Aon reported third quarter revenue of $2.3 billion, an increase of 6 percent from the $2.2 billion reported for the same period last year.
This increase was driven primarily by a 3 percent increase related to acquisitions, net of divestitures, 2 percent organic revenue growth, and a 1 percent favorable impact from foreign currency translation, Aon said.
Net income attributable to Aon shareholders was $185 million, or $0.72 per share, a 42 percent drop from $319 million, or $1.18 per share, reported during the prior year period.
Total operating expenses in the third quarter increased 13 percent to $2.1 billion, compared to $1.8 billion during the prior year period.
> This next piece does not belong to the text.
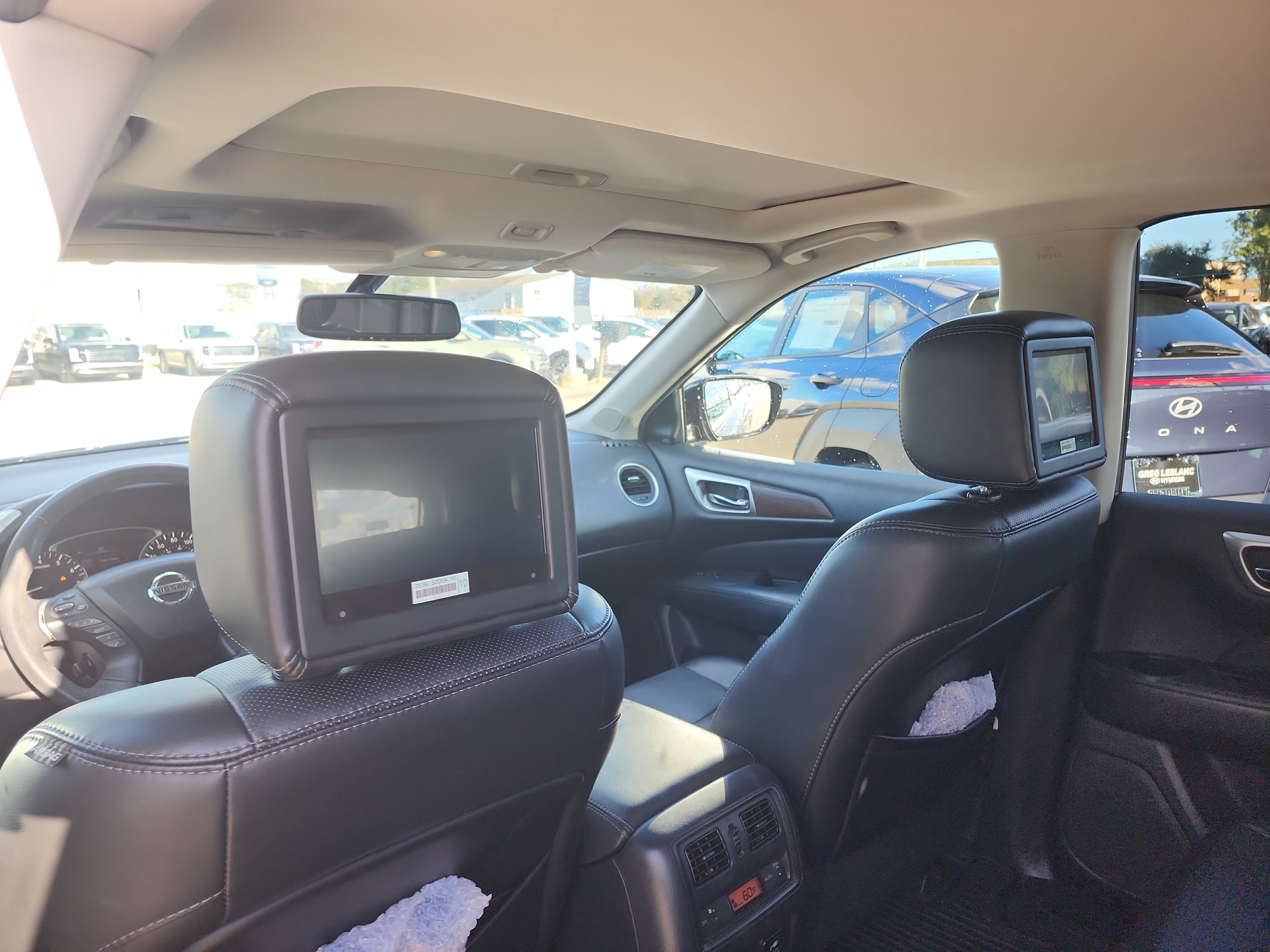 Used 2017 Nissan Pathfinder Platinum w/ Family Entertainment Package FWD image 19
The operating expenses’ figure included restructuring costs of $102 million in the third quarter, primarily driven by workforce reductions, IT rationalization, and other separation costs.
Other earnings highlights include:
Revenue for the company’s Commercial Risk Solutions unit increased by 4 percent during the third quarter to $917 million, compared with $884 million for Q3 2017.
Revenue for Reinsurance Solutions increased by 8 percent to $355 million, compared with $329 million for Q3 2017.
Revenue for Retirement Solutions increased by 5 percent to $491 million, compared with $466 million for Q3 2017.
Revenue for Health Solutions increased by 11 percent to $293 million, compared with $265 million for the same period last year.
Data & Analytic Services increased by 11 percent to $289 million, compared with $260 million last year.
“Our results for the quarter reflect strong organic revenue growth in our reinsurance business, 170 basis points of adjusted operating margin improvement, and 18 percent adjusted earnings per share growth, highlighting increased operating leverage in our Aon United operating model and effective capital management with the repurchase of $750 million of shares in the quarter.” said Greg Case, president and chief executive Officer.
“Looking forward, we expect a strong finish to the year as we head into our seasonally strongest quarter,” added Case, who said the broker is on track “to exceed $7.97 adjusted earnings per share in 2018 and deliver double-digit free cash flow growth over the long-term.”